Problem with ufs not releasing vm_pages on busy volume. (soft updates related)

Tue Aug 8 17:52:36 UTC 2006

On 08/08/06 12:33, Shane Adams wrote:
> Perhaps its just me but I found taking a snapshot on a 80 gig drive that is relativly idle, frooze my system for several seconds (to the point I was about to give it the finger).  I figured something is broken on my end cause I couldn't imagine anyone using the feature if this is how it works normally.
> 
> Just curious if anyone would share their experiences with snapshotting in a production envioronment?

Unfortunately, that is how the snapshots work.  Larger filesystems take 
longer.  The more inodes that are used, the longer it takes.

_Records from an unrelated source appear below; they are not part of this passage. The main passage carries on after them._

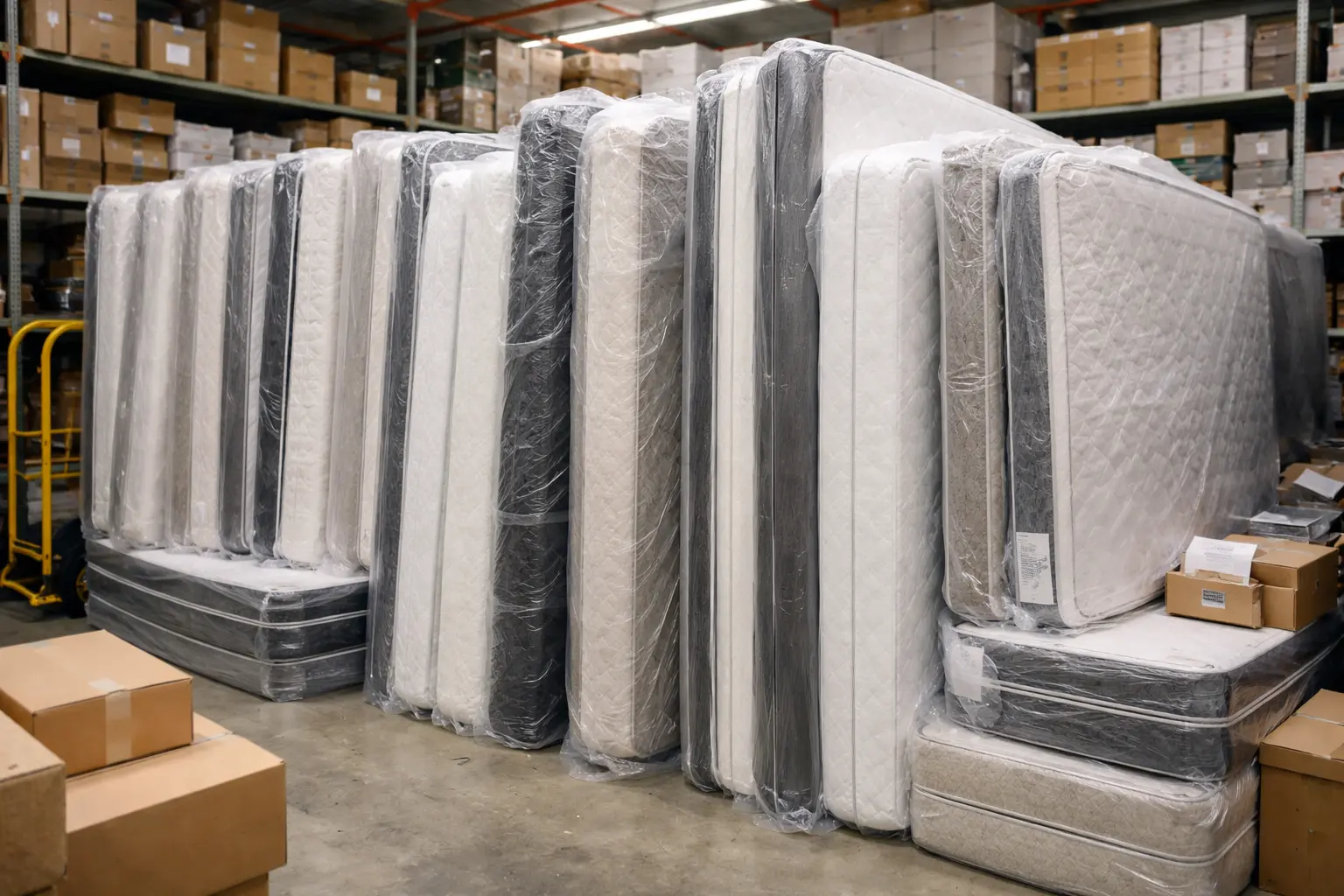 Warehouse storage area packed with stacked mattresses taking up valuable floor space and storage.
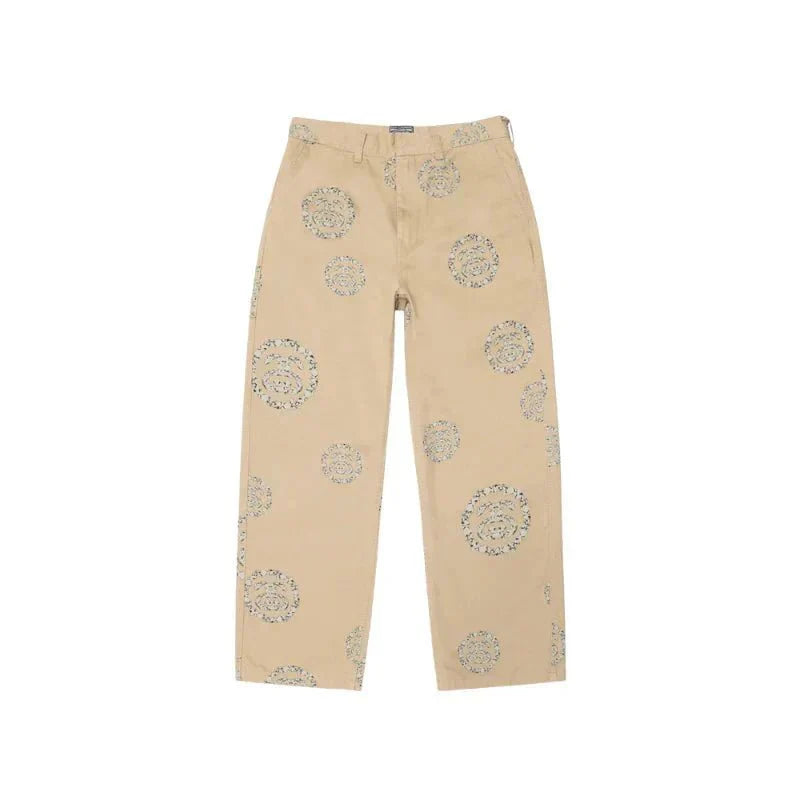 DENIM TEARS X STUSSY PANTS SS WREATH CHINO KHAK - kleostreetwear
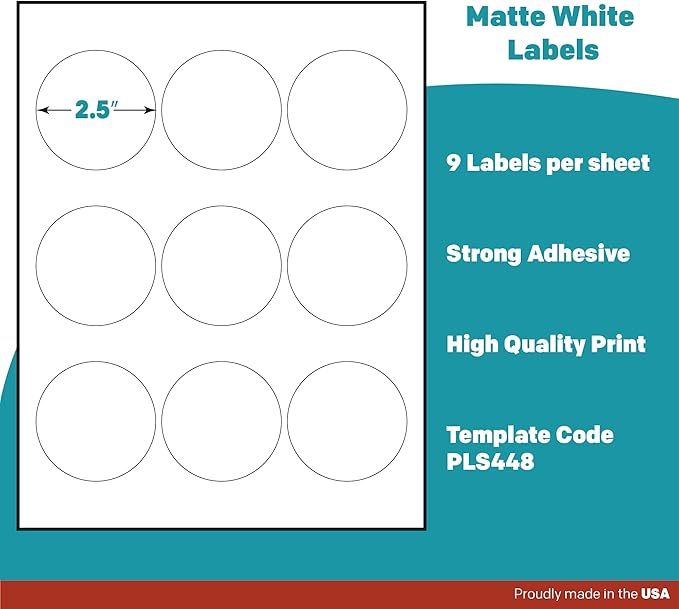 Premium Label Supply White Sticker Round Labels – 2.5" Circle – Laser/Inkjet Compatible – (9 per Sheet), 500 Sheets – 4,500 Total Adhesive Labels
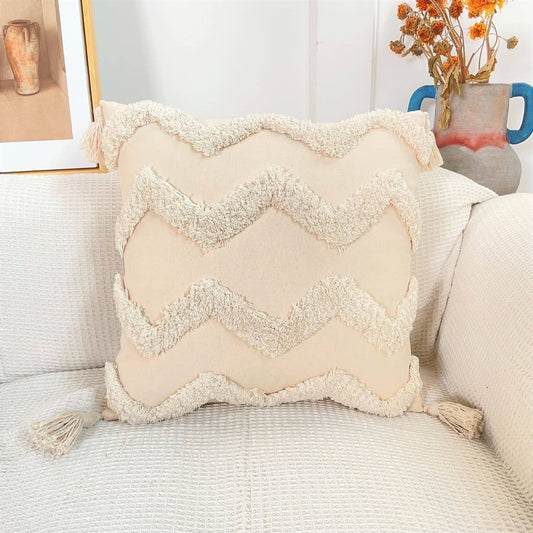 Pure Cotton Custom Boho Tassel Style Tufted Cushion Covers Home Decoration 45x45cm (18 X 18 Inches) D2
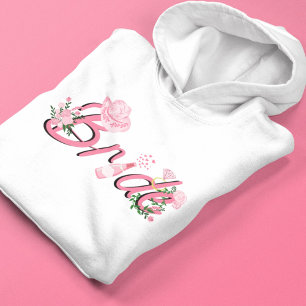 Rosa Cowboyhut mit Blumen Braut  Hoodie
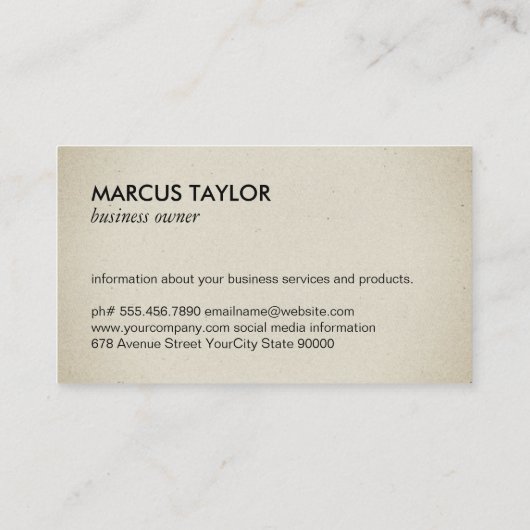 Voedingsmiddelen Visitekaartje (Achterkant)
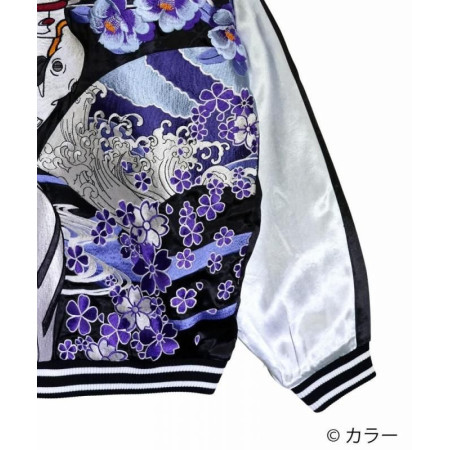 EVANGELION x Nishiki Wakaryusui Ayanami Reversible Sukajan Jacket Black Japan Fashion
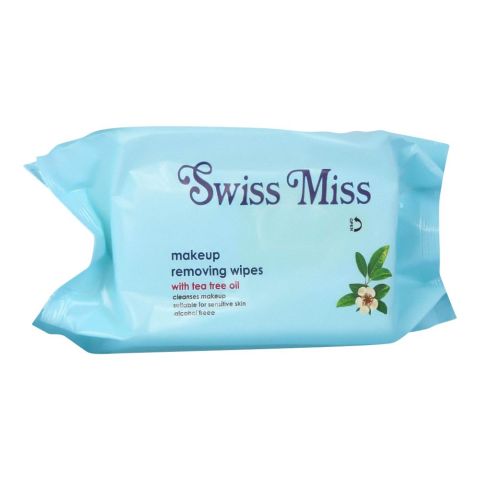Swiss Miss Makeup Removing Wipes with Tea Tree Oil, Alcohol Free, For All Skin Types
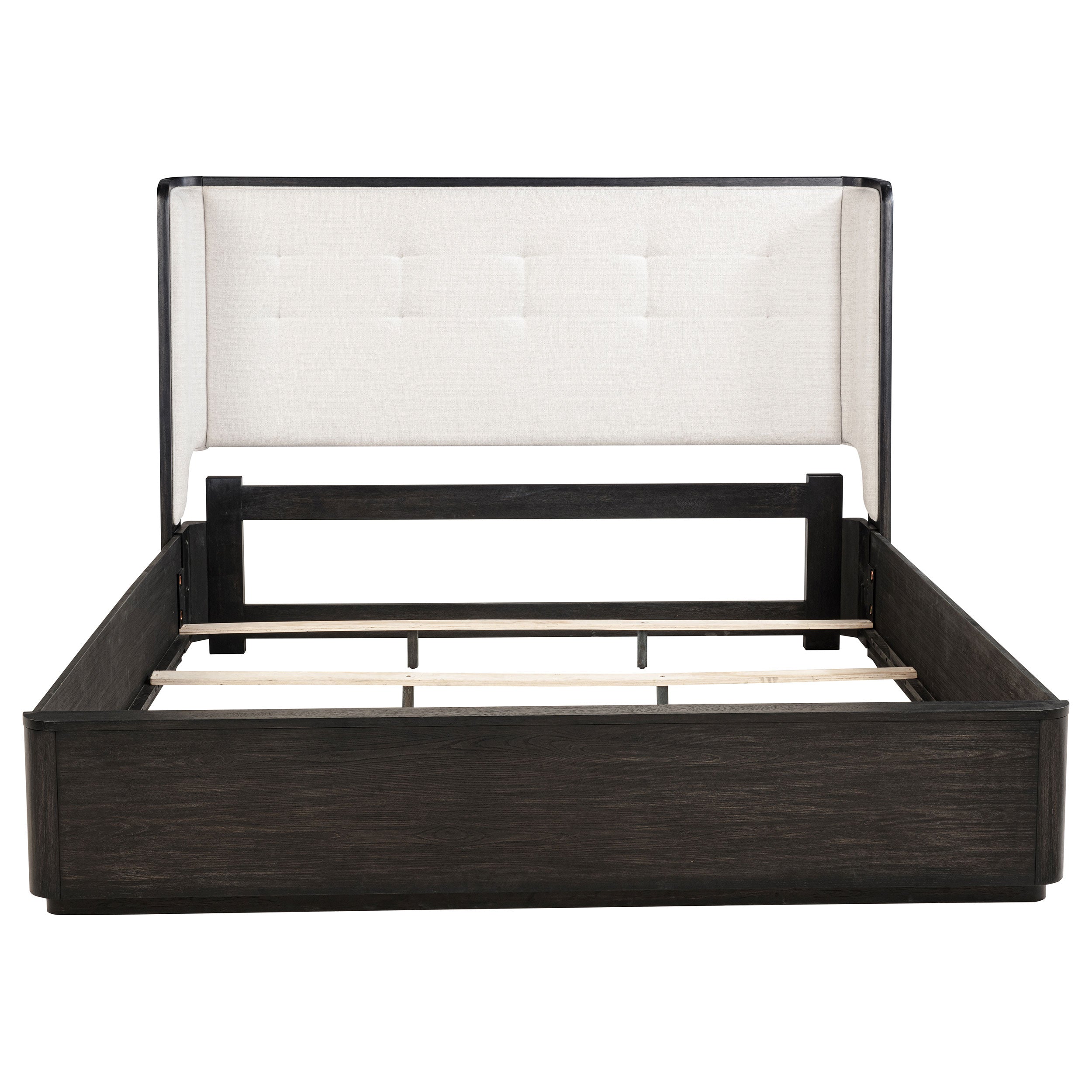 Leandro 55-inch  Wingback Bed Burnished Black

If you end up stat'ing the directory that contains the snapshot, then it 
will block, and so will its parent, probably the /, which will stop 
everything.  You could try burying the snapshot down a few more levels, 
and see if you hang then too - I suppose you will.

Eric

> ----- Original Message ----
> From: Eric Anderson <anderson at centtech.com>
> To: Q <qdolan at gmail.com>
> Cc: freebsd-fs at freebsd.org
> Sent: Tuesday, August 8, 2006 9:07:50 AM
> Subject: Re: Problem with ufs not releasing vm_pages on busy volume. (soft updates related)
> 
> On 08/08/06 00:14, Q wrote:
>> On 02/08/2006, at 8:10 PM, Q wrote:
>>
>>> I have a problem that seems to be related to something ufs related  
>>> not releasing some vm_pages on busy filesystems. I have two servers  
>>> running PostgreSQL, one running 6.0-RELEASE, the other 6.1-RELEASE.  
>>> Both are under the same (fairly heavy) load, performing the same  
>>> operations in bursts every five minutes. The filesystems in  
>>> question are 450-500Gig, each server using a different brand of  
>>> RAID card, they both have soft-updates enabled.
>>>
>>> The problem is that both servers are seeing an accumulation of  
>>> about 100Mb of active pages per day (looking at  
>>> vm.stats.vm.v_active_count) that never get released. The only way  
>>> to release these pages is to unmount the filesystem and remount it.  
>>> Failing to do this results in the server eventually locking up.
>>>
>>> If someone could provide me with some direction on how to go about  
>>> tracking down what might be causing this to happen it would be much  
>>> appreciated.
>> I have narrowed the cause of this issue down further to something to  
>> do with soft updates. If I turn off soft updates for the filesystem  
>> hosting the database the system no longer accumulates active vm_pages  
>> constantly. Instead for accumulating 100Mb a day of active vm pages  
>> until all memory is consumed, it will hover around 50-60Mb with soft  
>> updates disabled.
>>
>> If someone familiar with the softupdates code is willing to help me  
>> pinpoint the cause of this problem it would be much appreciated.
>>
> 
> 
> Is it possible for you to upgrade to the latest 6-STABLE branch, just to 
> make sure that the issue hasn't been fixed already?
> 
> Is there any way to reproduce this on another box for testing?  (I 
> assume not, due to the nature of these things)
> 
> Also - I wonder if doing a snapshot on the filesystem would flush out 
> the pages - is that something you can try?
> 
> Eric
> 
> 

-- 
------------------------------------------------------------------------
Eric Anderson        Sr. Systems Administrator        Centaur Technology
Anything that works is better than anything that doesn't.
------------------------------------------------------------------------